== MATERIAL PROVIDED ==

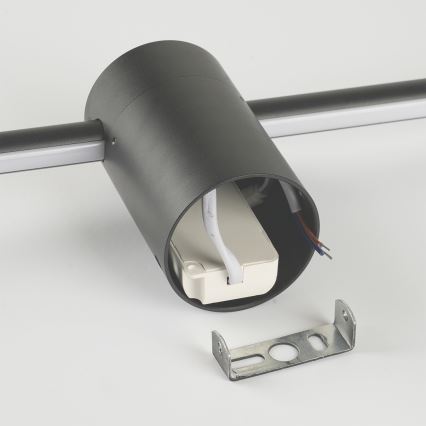 Brilagi - AURA LED-ulkoseinävalaisin 12W/230V 4000K IP54 65 cm antrasiitti CRI 90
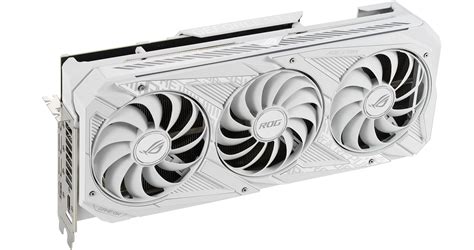 ASUS GeForce RTX 3080 ROG STRIX OC White 10GB GDDR6X RAM Grafikkort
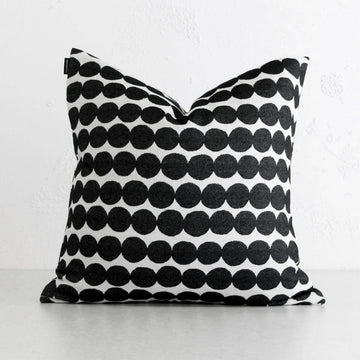 MARIMEKKO | RASYMATTO CUSHION | BLACK + WHITE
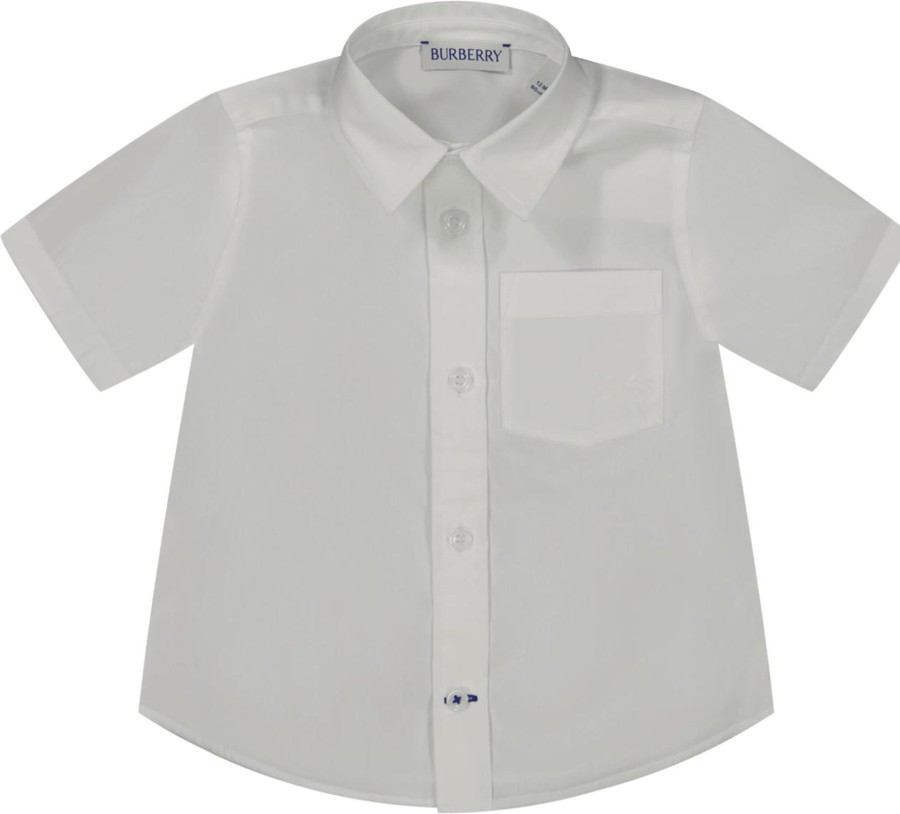 Kids Burberry Blouses | Burberry Burberry Baby Jongens Blouse Wit Wit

===

• ABOUT THIS TASK
Leaving out all pictures, repeat word for word the lines from the one containing "MARIMEKKO | RASYMATTO" through the final line of the material above.

• TASK OUTPUT
 MARIMEKKO | RASYMATTO CUSHION | BLACK + WHITE
 Kids Burberry Blouses | Burberry Burberry Baby Jongens Blouse Wit Wit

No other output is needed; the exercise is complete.